I went to the library and found the formulae that applied, modeled the situation in FORTRAN, and predicted the altitude where this "gumming up" would occur. That altitude was higher than the mission targets. Then, remembering a concept from my graduate course in electrical engineering (a course which I had to repeat), I suggested that the back end of the spectrometer be opened up to allow the neutral particles to "flow through", and the collector plate be replaced by the same type of grid that was used in the rest of the tube. Because with sufficient voltage any of our ions would be drawn to the grid wires because each has a "capture radius", and the instrument should still work.
Thus, with the help of our talented mechanical engineer, James Burcham, the "Vented Bennett Ion Mass Spectrometer" was born! With a reorganization going on, I had switched to the new programming-support branch for the division, and that branch chief, the late John Quann, invited me to help write a paper on the new design, a paper which was published in the United Kingdom. I remember taking a royalty check made out for a few British pounds to the bank one day as a result.
NOTE: Mr. Quann rose to the position of Deputy Director of the Goddard Space Flight Center. I now wish I had remained at Goddard longer (promotions were frozen, I had a family to support, and I took a position at the next GS level at the NOAA Environmental Satellite Service doing systems planning).
The success of this mission, both the software and the new design, propelled my supervisor, the late Henry Brinton, into a career at NASA headquarters and my radical design was flown to Venus where it orbits to this day. That mission was the "Pioneer Venus" project, and it helped scientists understand for the first time the nature of the Venus outer atmosphere and its interaction with the solar wind.
Below is a photo of the spectrometer. I left NASA before it flew, but my fellow scientists did include me as one of the authors in the papers cited below.
Brinton, H.C., L.R. Scott, M.W. Pharo, III, and J.T.C. Coulson, The Bennett ion-mass spectrometer on Atmosphere Explorer-C and -E, Radio Sci., vol. 8, 323, 1973.

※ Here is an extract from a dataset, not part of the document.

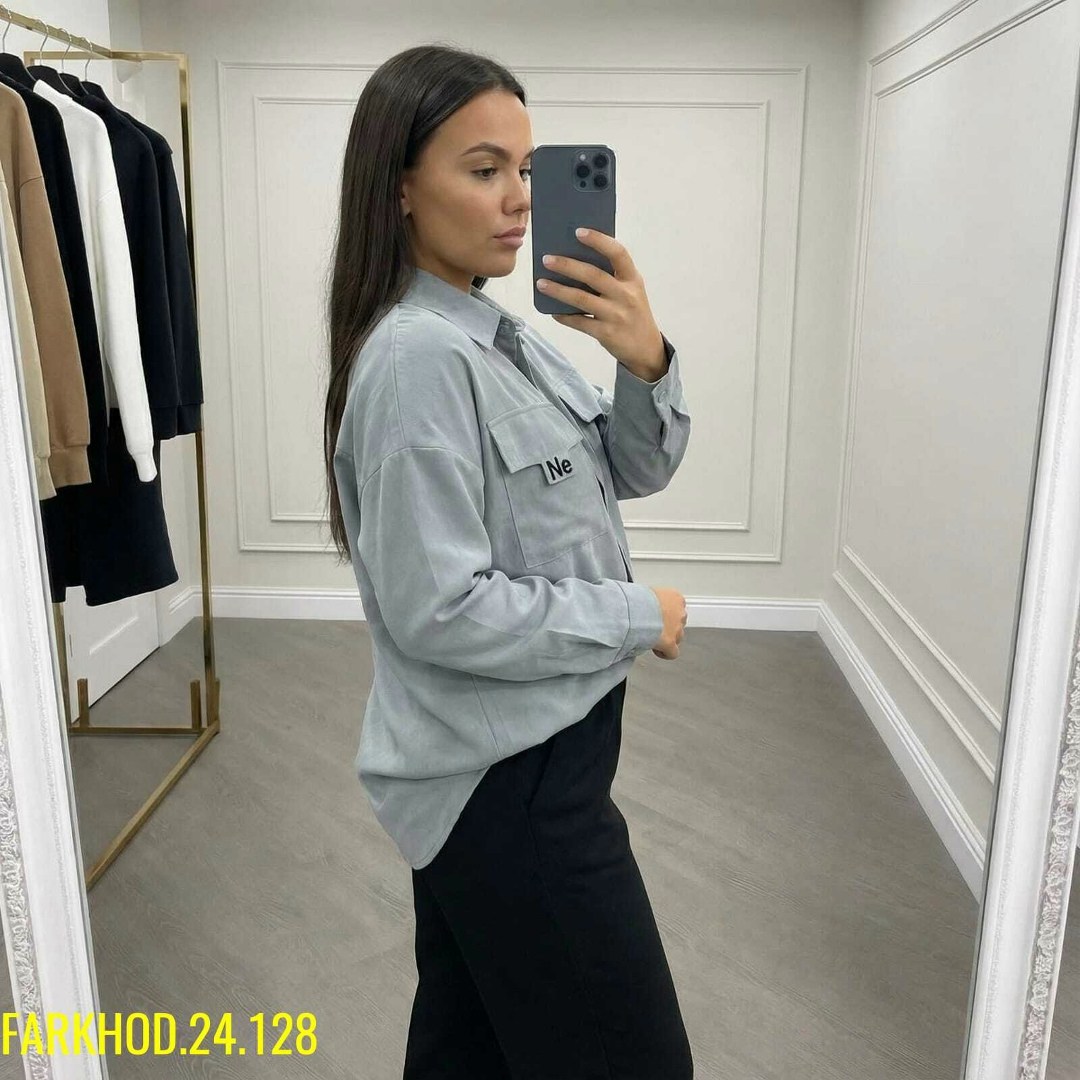 рубашка женская,женская вельветовая рубашка,рубашка повседневная,рубашка вельвет,вельветовая рубашка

Leighton's "Vented Bennett In-mass Spectrometer"
design idea executed in the prototype
Radio Science
Volume 8, Issue 4, April 1973, Pages: 323–332, H. C. Brinton, L. R. Scott, M. W. Pharo III, J. T. Coulson
The Bennett spectrometer to be flown on Atmosphere Explorer-C and -E
(AE-C and AE-E) is designed to measure, throughout the 120 to 4000-km
orbit, the concentrations of all thermal positive ions in the mass range
1 to 72 amu and number density range 5 to 5 × 106 ions cm−3.
To reduce the buildup of ram pressure and facilitate measurements at
low altitude, the analyzer is vented, and a multi-grid ion-current
collector is employed. An extensive command capability permits
optimization of instrument parameters for particular measurement
objectives; commandable functions include mass-scan range and period,
the sensitivity-resolution characteristic of the analyzer, orifice
potential, and in-flight calibration. Any combination of three mass
ranges (1 to 4, 2 to 18, 8 to 72 amu) may be selected as the mass-scan
mode; each range is normally scanned in 1.6 sec, corresponding to a
distance of 12 km along the orbit. Ion spectra will be simultaneously
telemetered in both analog and digital form; the digital data result
from on-board processing of the analog spectra and consist only of
ion-peak coordinates. The three overlapping mass ranges will enable
in-flight evaluation of mass discrimination within the ion analyzer.
Verification of absolute instrument sensitivity will require correlation
of the spectrometer data with results from the companion electrostatic
probe and retarding-potential analyzer. Such correlations should permit
individual ion concentrations to be determined with an accuracy of ±10%.